The Sudanese government denies that its forces have committed any violations in Darfur, and insists that the rebellion in the region must be put down. Loeb said in all the incidents documented by HRW, “rebels were never present, or rebels had left weeks or days or on the day of the attack.”

HRW investigators also spoke with five defectors from government forces, including the RSF, and found that all but one of them “asserted that commanding officers ordered their units to carry out atrocities against civilians.”

“The commander told us that these are rebels or rebel supporters and the women are their harem,” said one defector. “You go there and you rape them and kill them.”

Two defectors claimed to have directly heard orders given by Sudan’s vice president, Hassabo Mohammed Abdel Raham. A former border guard said that he witnessed Rahman “order a large number of regular soldiers, Border Guards, and RSF personnel at a military base north of Kutum in Guba, to kill everyone living in the rebel areas east of Jebel Marra mountain.”

The United Nations-African Union Mission in Darfur (UNAMID), a peacekeeping force established in 2007, has struggled to prevent atrocities committed against civilians, and has in the past been accused of willfully covering up incidents, including attacks on its own personnel.

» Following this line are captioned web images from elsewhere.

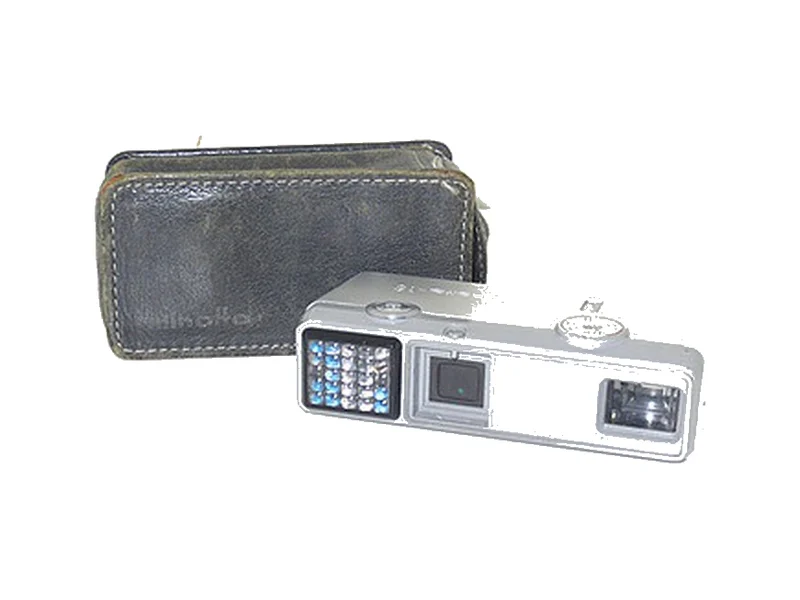 Minolta 16 EE (I)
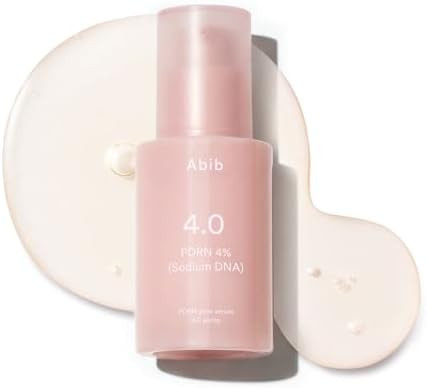 Abib PDRN Glow Serum 4.0 Pump 1.01 fl oz, 4% Salmon DNA PDRN, Skin Turnover & Revitalization Care... | Amazon (US)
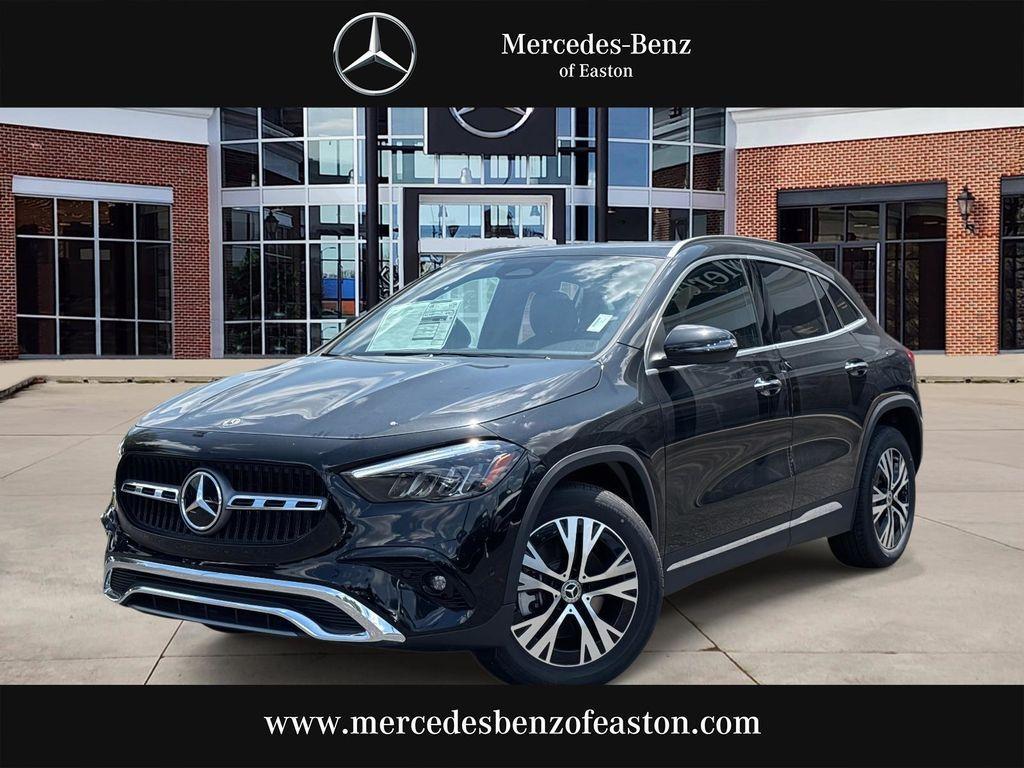 new 2025 Mercedes-Benz GLA 250 car, priced at $48,495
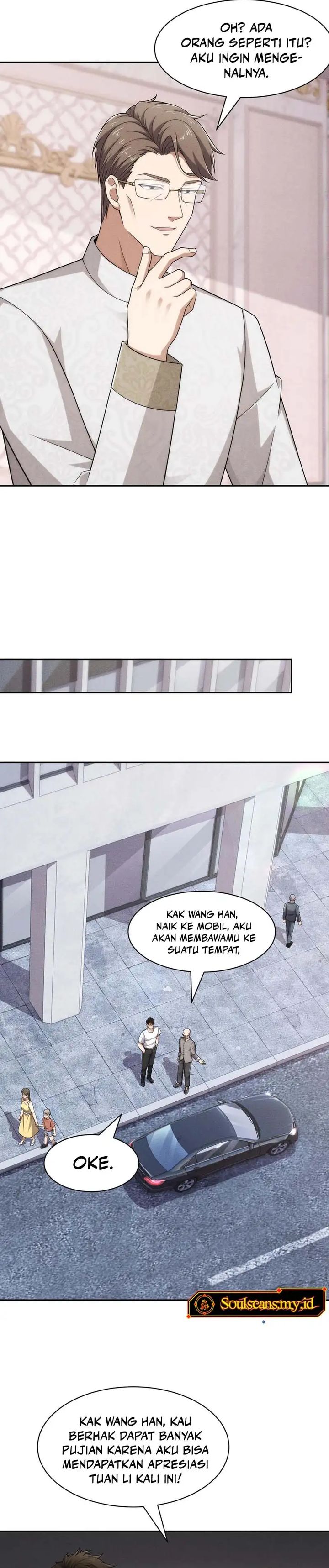 Baca Urban Dragon Revealed - Chapter 63 halaman 24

Last year, Human Rights Watch documented the mass rape of more than 200 women and girls in the town of Tabit. UNAMID came under fire for its handling of the case; in initial interviews with VICE News, the mission described the relationship between local troops and civilians in the area as cordial, a wording that was quickly disproved by testimony from other UN officials and the subsequent report, which Loeb also contributed to.

“In brief, UNAMID failed,” said Loeb. “This is still ongoing 12 years after the conflict started, and it is ongoing in the shadow of one of the largest peacekeeping missions in the world.”

UNAMID officials concede that the mission should be doing a better job, but insist that its peacekeepers are hamstrung by Sudanese authorities who restrict their movement. Despite no clause in their agreement with Khartoum that would require UNAMID to notify them of their operations, the mission almost always does so.

Bashir, having briefly flirted with attending the United Nations General Assemblyin New York this month, is a pariah in much of the world and is scorned by Western leaders. But in recent years, even as fighting continues in Darfur and in other restive regions, the president has slowly but noticeably ushered himself into the good graces of certain prominent nations, including Saudi Arabia.

In March, Khartoum announced it would join the Saudi-led coalition aimed at driving Houthi rebels from Yemen. As many as 6,000 Sudanese soldiers could be en route to Yemen this week to partake in ground operations, though VICE News could not confirm reports suggesting this. The United States, which has long been an ardent critic of Bashir, provides logistical and targeting assistance to the coalition.